▶ [WHAT IS BEING ASKED]: Tally the lines below that contain "Chapter". The number is the whole answer.

╔══

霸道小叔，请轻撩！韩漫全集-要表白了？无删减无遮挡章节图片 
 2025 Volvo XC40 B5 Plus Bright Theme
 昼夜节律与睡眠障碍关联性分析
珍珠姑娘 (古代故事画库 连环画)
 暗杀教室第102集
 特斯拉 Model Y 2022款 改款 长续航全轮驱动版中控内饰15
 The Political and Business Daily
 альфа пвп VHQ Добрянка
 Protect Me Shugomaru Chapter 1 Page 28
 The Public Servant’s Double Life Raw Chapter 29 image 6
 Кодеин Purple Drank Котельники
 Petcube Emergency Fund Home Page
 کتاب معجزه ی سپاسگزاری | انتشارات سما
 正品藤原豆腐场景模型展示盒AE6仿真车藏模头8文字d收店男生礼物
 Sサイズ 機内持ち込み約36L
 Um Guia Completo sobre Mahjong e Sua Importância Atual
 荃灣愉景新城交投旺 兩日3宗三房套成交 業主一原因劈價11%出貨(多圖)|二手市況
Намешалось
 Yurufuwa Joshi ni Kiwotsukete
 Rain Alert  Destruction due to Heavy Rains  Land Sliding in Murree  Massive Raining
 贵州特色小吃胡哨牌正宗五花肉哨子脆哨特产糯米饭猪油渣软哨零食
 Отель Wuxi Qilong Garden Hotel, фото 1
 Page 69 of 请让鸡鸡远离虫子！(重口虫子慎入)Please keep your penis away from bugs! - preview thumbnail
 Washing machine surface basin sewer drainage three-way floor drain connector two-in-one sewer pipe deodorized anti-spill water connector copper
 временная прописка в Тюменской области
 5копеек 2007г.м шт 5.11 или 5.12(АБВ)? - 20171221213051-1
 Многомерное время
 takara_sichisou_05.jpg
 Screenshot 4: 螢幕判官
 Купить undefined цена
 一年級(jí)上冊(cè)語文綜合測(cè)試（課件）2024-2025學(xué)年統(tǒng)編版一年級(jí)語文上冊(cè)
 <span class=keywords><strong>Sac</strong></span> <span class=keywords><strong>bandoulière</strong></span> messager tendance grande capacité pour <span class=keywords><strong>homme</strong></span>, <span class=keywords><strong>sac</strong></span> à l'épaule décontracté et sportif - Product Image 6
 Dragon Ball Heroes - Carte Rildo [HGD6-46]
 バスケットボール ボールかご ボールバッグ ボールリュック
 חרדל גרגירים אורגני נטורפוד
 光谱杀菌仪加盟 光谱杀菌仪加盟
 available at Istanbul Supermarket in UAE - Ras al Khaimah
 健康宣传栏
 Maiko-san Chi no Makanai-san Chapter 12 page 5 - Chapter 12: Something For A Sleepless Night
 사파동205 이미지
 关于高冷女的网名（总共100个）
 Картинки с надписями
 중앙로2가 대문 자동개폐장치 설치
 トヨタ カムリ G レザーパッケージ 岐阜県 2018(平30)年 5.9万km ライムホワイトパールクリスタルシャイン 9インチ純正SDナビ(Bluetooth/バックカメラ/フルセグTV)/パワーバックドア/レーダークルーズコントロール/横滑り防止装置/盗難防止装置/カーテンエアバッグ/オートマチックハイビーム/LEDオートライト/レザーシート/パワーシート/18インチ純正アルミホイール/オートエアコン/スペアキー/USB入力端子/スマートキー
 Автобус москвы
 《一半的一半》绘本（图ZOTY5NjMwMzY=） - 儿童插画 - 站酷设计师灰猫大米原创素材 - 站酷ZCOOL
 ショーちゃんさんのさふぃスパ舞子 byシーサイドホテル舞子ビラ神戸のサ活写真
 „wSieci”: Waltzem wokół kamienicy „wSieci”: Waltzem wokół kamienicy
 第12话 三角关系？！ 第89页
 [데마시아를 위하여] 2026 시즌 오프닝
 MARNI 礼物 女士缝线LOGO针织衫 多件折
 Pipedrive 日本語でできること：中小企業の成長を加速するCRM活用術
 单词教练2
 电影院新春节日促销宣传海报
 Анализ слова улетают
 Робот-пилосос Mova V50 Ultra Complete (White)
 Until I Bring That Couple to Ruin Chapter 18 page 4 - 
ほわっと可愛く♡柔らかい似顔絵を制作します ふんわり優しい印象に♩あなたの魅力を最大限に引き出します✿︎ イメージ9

╚══

▶ [WRITTEN SOLUTION]: 4